[Start of Attachment]
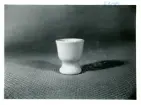 Äggkopp från Bo Fajans, omkring 1900-talets mitt.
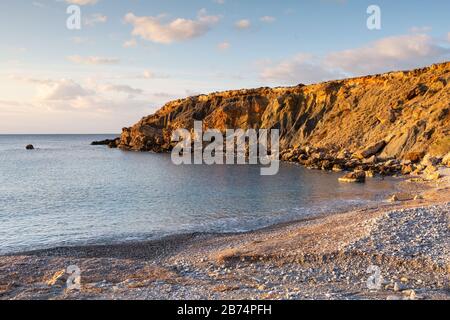 Il paesaggio costiero vicino a Kalo Nero villaggio nel sud di Creta. Foto Stock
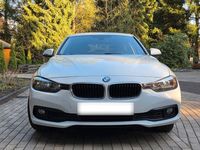 Gebraucht BMW 318 150 PS (110 kW) 2015 Weiß Kombi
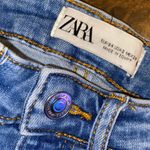 ZARA  High-Rise Distressed Skinny Jeans in Light Wash - size 2 Photo 3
[End of Attachment]
▸ **Task requirements**:
Drop every picture from the data, then output all the rest exactly.

▸ **Answer for the task**:
 Äggkopp från Bo Fajans, omkring 1900-talets mitt.
 Il paesaggio costiero vicino a Kalo Nero villaggio nel sud di Creta. Foto Stock
 Gebraucht BMW 318 150 PS (110 kW) 2015 Weiß Kombi
 ZARA  High-Rise Distressed Skinny Jeans in Light Wash - size 2 Photo 3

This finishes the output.